3. A Robot must protect its own existence as long as such protection does not conflict with the First or Second Law.

- J. L. Patterson in an illustration to an article on Asimov in Damon Knight's In Search of Wonder (2nd ed., 1967) added the following Laws: "4. A robot must behave at science fiction conventions, as long as such behavior does not conflict with the first Three Laws. 5. A robot must sell like mad."
- The novel "Mirror Friend, Mirror Foe" by Robert Asprin and George Takei refers to the First Law as being included in any robot's programming. That is one of the few cases in fiction when the law is named fully (Asimov's First Law of Robotics).
- Lester del Rey refers to the laws as "The Three Laws of Asenion's Robots" in his 1966 short story "A Code for Sam." In the story, the laws found in old science fiction stories is used as the basis for an experimental code of ethics for robots.
- Terry Pratchett's early SF novel The Dark Side of the Sun (1976) gives a glimpse of the possible future development of the Laws: in one scene, a robot explains that it is permitted to use minimum necessary force against humans if directly ordered to do so, and cites the "Eleventh Law of Robotics, Clause C, As Amended". In a further nod to Asimov, the robot is named Isaac. In his later novel Going Postal (2004), the protagonist Moist von Lipwig, upon being told that he will be killed by a golem should he commit another crime, exclaims that that is impossible, because everyone knows "a golem mustn't harm a human being or allow a human being to come to harm". However, he is informed that the rule continues "... unless ordered to do so by duly constituted authority."
- Roland Charles Wagner wrote a short story, Three Laws of Robotic Sexuality (1982), which treated the use of robots for sexual pleasure.

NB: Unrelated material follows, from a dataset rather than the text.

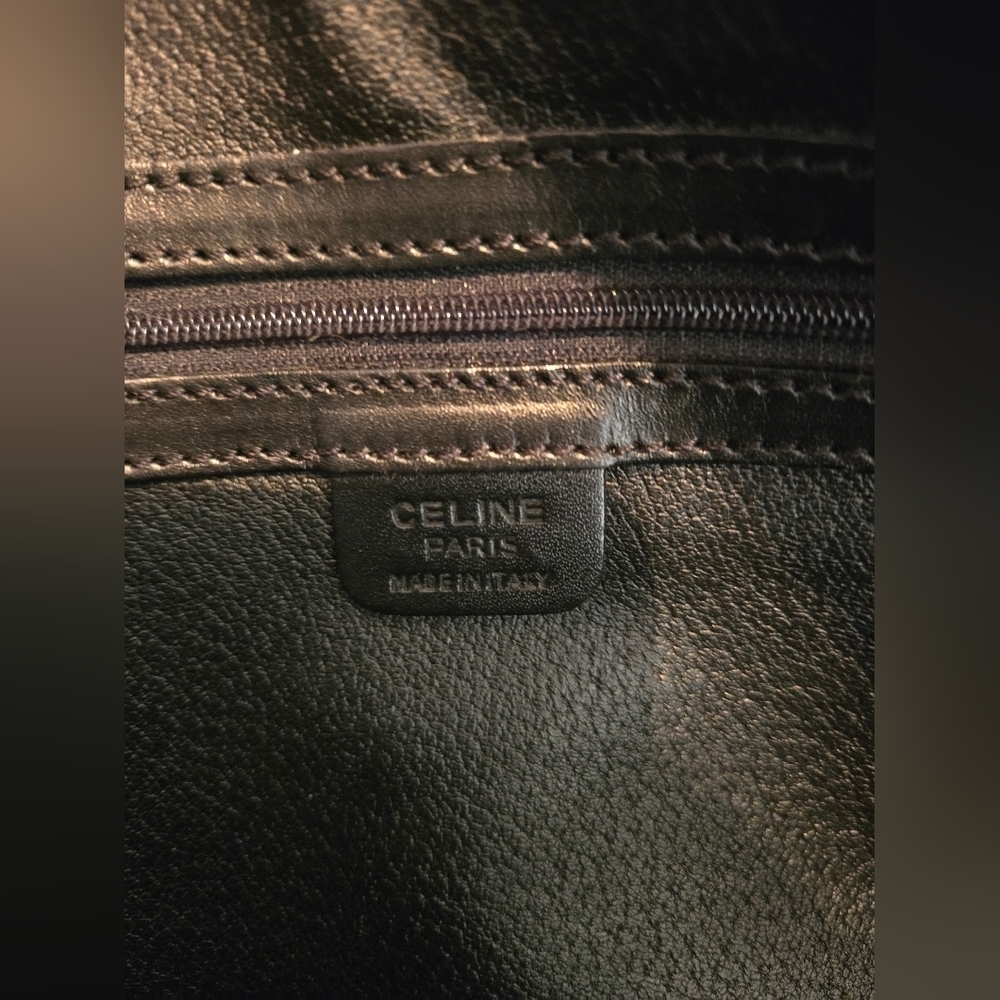 Celine | Double Zip Shoulder Tote Bag | Macadam Canvas & Black Leather | Vintage - Picture 13 of 16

- John Sladek made repeated references to Asimov's Three Laws of Robotics in his fiction, albeit usually in a dismissive, parodic, or satirical context:
  - Sladek's parodic short story "Broot Force" (supposedly written by "I-Click As-I-Move") concerns a group of Asimov-style robots whose actions are constrained by the "Three Laws of Robish", which are "coincidentally" identical to Asimov's laws. The robots in Sladek's story find logical loopholes in the Three Laws, usually with bloody results.

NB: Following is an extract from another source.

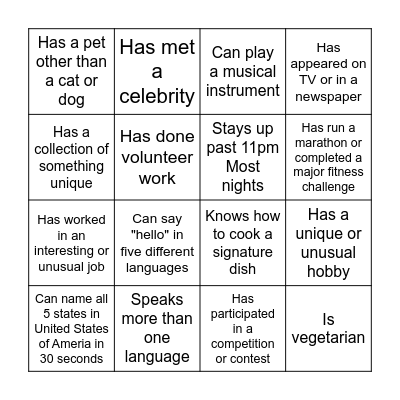 People Bingo Card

  - Sladek later wrote a novel, Tik-Tok (1983), in which a robot discovers that his so-called "asimov circuits" are not restraining his behavior at all, making him in effect a sociopath; he comes to doubt whether "asimov circuits" are even technically possible, deciding that they are simply a pseudo-religious belief held by robots.

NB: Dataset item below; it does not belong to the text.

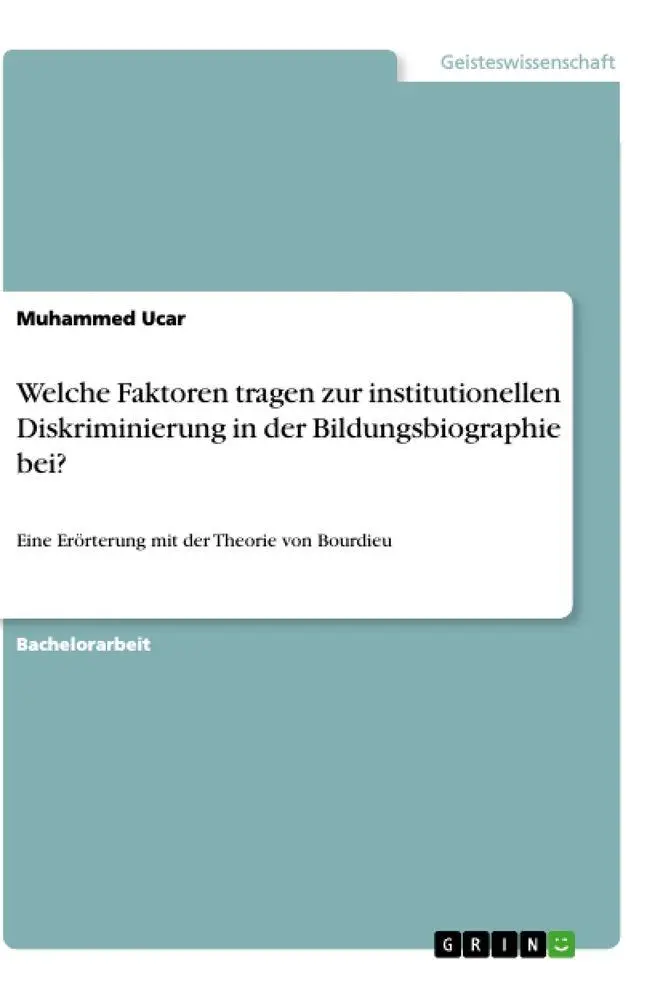 Cover: 9783346609991 | Welche Faktoren tragen zur institutionellen Diskriminierung in der...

  - Sladek also made use of the Three Laws in his satirical sci-fi novel Roderick (1980), where the first self-aware robot on earth is constantly met with patronizing disbelief that he actually is a robot, and is schooled as a normal, albeit "schizophrenic" human child. The school priest, harboring a knack for philosophical sci-fi, tries to "cure" Roderick of his "delusion" of being a robot by having him read Asimov. Roderick responds by verbosely pointing out the various logical inconsistencies in the Three Laws and Asimov's overall work, and ultimately drives the priest insane.
- Lyuben Dilov introduced a Fourth Law in his novel Icarus's Way (original title: Пътят на Икар): "A robot must always reveal itself as a robot."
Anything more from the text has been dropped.